For Mexico, constitutional reform was just the first step in the long process of opening up its energy industry to outside investment. Secondary laws must now be passed, and existing laws need to be modified to establish a framework for participation in the industry which, for 75 years, has been the exclusive domain of Petroleos Mexicanos (Pemex).
The degree of private participation will be influenced heavily by the contract models selected by the Mexican government, their fiscal terms, and the prospectivity of reserves open to investment.
“There is going to be a deep transformation in the industry, not just Pemex,” Jordy Herrera, Mexico’s former secretary of energy told Mayer Brown’s Global Energy Conference in Houston.
Included in the package are several laws pertaining to oil and gas exploration and production, such as the proposed Law of Hydrocarbons, the Law of Hydrocarbon Revenues, and the Law of Petroleos Mexicanos (Pemex). The legislation was slated to be debated in a special session of Congress in late June.
“It is up to Congress to determine under what terms and conditions” the private sector has to abide by, Jose Valera, partner in Mayer Brown’s energy practice, told UOGR.
After laws are finalized, existing regulatory agencies must be configured to regulate private sector activity and grant permits. These agencies are accustomed to working exclusively with Pemex.
“It’s a huge job,” Valera said.
Another pending step involves determining for which fields Pemex will hold exclusive development rights. The national oil company in March requested it be allowed to retain 100% of Mexico’s producing areas, 83% of proven and probable reserves, and 31% of prospective hydrocarbon resources.
The Ministry of Energy has until Sept. 17 to decide how much Pemex keeps. “My opinion is it is going to change a little,” Herrera said. He expects Pemex will be allowed to keep about 75% of the country’s known resources, and the remaining 25% will be opened up for competitive bidding.
Likely to end up on the auction block are some deepwater areas and areas prospective to shale development. Herrera said Pemex lacks the funds, technology, and experience to develop all of these challenging areas on its own.
Mayer Brown research suggests that some shallow-water areas, mature fields, and extra-heavy oil fields may also be made available for international bidders.
The Ministry of Energy will ultimately decide which geographic areas to make available for international bidding and when they will be unveiled. The ministry will also be responsible for deciding which contract types will be applied to which areas, evaluating bids, awarding contracts, and later monitoring exploration and production plans to ensure contract compliance and maximize productivity.
Contract models under consideration include production-sharing agreements, profit-sharing agreements, pure service contracts, and licenses but not concessions. For companies considering participation in the the first bid rounds, Valera said, the attractiveness of investment will be determined by the fiscal terms and conditions selected for the new contracts.
Bidding will be overseen by the National Hydrocarbons Commission. Mexico’s government is targeting June 2015 for the first bid round, but Herrera does not expect the first round will occur until after the country’s midterm elections for lower house lawmakers in July 2015.

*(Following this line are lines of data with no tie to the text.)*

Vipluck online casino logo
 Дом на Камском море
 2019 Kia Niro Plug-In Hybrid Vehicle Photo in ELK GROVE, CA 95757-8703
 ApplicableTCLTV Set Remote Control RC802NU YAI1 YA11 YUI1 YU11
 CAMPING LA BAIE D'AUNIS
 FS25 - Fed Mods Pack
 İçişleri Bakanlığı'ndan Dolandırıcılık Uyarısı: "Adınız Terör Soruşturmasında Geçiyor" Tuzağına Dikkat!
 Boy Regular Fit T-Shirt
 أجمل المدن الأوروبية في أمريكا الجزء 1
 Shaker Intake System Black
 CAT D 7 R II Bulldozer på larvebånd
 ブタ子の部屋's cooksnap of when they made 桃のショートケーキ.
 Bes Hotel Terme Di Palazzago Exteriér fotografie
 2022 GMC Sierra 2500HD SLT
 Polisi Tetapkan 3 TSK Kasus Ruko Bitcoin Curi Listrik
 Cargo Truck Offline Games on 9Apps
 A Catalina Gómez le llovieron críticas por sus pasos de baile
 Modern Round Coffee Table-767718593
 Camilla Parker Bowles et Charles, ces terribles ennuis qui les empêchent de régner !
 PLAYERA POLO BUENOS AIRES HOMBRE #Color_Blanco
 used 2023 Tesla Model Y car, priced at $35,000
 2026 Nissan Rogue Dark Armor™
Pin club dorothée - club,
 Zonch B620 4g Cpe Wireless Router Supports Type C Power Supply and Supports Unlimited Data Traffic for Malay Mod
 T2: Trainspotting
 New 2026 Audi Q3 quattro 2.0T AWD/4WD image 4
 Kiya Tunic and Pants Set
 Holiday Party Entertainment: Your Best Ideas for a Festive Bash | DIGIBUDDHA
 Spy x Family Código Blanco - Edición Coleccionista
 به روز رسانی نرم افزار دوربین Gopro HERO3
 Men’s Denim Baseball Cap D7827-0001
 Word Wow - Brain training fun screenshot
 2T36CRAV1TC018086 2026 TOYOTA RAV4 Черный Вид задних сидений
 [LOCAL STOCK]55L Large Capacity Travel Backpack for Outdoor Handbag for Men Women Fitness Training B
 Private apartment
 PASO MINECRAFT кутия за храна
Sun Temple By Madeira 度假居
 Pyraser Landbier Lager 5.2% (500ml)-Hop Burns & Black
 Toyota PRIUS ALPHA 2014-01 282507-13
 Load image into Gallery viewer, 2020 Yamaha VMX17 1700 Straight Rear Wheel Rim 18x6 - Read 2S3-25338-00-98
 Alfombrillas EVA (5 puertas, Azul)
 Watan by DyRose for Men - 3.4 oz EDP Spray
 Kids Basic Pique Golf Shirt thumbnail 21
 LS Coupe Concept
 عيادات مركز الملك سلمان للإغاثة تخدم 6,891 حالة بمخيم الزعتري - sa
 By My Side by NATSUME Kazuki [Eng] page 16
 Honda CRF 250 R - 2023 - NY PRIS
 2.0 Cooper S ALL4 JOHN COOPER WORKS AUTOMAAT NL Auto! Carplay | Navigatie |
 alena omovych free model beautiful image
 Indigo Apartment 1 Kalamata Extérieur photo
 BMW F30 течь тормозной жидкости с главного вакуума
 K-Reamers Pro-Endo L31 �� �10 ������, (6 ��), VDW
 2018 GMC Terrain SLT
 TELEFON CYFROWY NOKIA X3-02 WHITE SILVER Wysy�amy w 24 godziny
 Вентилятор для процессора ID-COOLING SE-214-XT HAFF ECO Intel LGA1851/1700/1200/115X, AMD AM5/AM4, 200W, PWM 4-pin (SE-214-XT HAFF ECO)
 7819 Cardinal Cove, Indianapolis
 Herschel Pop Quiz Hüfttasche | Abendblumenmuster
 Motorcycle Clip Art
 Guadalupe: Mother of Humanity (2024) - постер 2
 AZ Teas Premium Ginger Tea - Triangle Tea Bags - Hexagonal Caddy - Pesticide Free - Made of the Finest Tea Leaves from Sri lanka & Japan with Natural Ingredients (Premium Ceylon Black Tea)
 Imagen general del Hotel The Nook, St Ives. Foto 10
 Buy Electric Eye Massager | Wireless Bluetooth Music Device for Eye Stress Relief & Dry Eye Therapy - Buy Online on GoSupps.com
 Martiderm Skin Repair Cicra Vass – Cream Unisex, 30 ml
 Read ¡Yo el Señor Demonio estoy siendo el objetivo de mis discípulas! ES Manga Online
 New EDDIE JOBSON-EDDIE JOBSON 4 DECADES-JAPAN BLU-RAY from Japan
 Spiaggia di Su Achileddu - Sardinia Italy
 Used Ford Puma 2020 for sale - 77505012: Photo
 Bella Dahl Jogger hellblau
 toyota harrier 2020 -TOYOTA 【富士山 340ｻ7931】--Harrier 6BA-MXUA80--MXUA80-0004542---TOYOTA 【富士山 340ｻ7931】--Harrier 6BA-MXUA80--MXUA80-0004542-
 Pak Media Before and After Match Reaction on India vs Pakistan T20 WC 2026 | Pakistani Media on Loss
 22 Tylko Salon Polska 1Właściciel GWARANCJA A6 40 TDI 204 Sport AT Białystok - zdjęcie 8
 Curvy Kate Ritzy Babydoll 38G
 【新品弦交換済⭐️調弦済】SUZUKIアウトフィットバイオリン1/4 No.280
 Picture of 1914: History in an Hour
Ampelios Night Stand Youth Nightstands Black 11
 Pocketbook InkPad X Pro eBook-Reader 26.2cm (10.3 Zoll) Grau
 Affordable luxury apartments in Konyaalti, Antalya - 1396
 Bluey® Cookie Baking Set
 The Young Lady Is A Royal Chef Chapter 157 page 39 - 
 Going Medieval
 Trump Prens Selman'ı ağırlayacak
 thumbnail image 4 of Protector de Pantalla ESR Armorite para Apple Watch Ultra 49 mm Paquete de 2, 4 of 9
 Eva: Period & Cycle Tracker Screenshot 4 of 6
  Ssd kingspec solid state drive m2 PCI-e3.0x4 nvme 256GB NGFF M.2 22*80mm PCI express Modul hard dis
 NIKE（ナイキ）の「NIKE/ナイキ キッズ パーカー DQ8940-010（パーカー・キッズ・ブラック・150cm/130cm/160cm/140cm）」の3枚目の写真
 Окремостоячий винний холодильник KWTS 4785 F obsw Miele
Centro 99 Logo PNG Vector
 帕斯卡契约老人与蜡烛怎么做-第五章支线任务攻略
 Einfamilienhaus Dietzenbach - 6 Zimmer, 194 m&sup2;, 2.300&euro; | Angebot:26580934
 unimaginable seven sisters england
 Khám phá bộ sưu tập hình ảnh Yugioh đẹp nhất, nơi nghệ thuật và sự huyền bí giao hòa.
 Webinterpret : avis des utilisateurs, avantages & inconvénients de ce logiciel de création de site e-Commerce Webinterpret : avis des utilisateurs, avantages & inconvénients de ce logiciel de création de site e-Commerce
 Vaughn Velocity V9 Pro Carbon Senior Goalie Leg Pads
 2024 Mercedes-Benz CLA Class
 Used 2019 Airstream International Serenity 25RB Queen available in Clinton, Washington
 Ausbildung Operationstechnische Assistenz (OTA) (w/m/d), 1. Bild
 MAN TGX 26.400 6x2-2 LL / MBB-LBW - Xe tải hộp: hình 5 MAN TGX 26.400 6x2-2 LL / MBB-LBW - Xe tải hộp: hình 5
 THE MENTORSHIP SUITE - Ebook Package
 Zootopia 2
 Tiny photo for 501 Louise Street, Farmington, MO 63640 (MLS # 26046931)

“There is no official schedule. All of these dates are simply target dates,” Valera told UOGR. The actual date of the bid round is contingent on how fast the country enacts laws and sets up regulatory agencies.
In areas where Pemex is granted exclusive development rights, the company is likely to convert some of its entitlement contracts into risk-sharing upstream contracts with private parties. Separate bid rounds may be held to determine what companies may work with the state-owned entity.
Oversight for that bidding would be managed by the National Hydrocarbons Commission. Technical and contractual guidelines would be established by the Ministry of Energy, and fiscal terms would be determined by the Ministry of Finance.
Impetus for reform
Declining oil and gas production and low reserve replacement rates were the impetus for the historic energy reforms.
Mexico’s production outlook has deteriorated in the past decade as offshore production from the massive Cantarell field decreased and rising output from Ku-Maloob-Zapp and other fields did not offset declines (see figure).
Herrera said the county had appeared poised to become one of the largest oil producers in the world in 2004, when crude production peaked at around 3.4 million b/d. Output has since fallen to about 2.5 million b/d in 2012. Natural gas production has declined from a peak of nearly 8 bcfd to 5.6 bcfd in 2013, and increasing amounts of gas are being imported to meet domestic demand.
The rationale for reform was practical. “There was a realization that Mexico was going to begin losing money with this policy,” Valera told UOGR.
Mexico is now a net importer of natural gas and refined products, bringing in roughly 1.4 bcfd of gas, 80,000 b/d of liquefied petroleum gas, and 400,000 b/d of gasoline.
Delia Maria Paredes Mier, executive director of economic analysis at Mexican bank Grupo Financiero Banorte, said about 20% of domestic gasoline demand is met by imports priced on the international market and sold to Mexican consumers at a discount. The program, now being phased out, is a substantial cost for Pemex.
Meanwhile, production is declining despite increased levels of capital investment as conventional reserves dwindle and unconventional resources prove costly and technically challenging to develop. Mayer Brown research shows that Mexico invested $26 billion in oil and gas in 2013, compared with $4.8 billion in 2001.
“The reforms have opened up a potentially huge pipeline of new investment,” Mier said. But, she added, “it’s going to take some time before we see the first drop of oil” from shale or deepwater fields.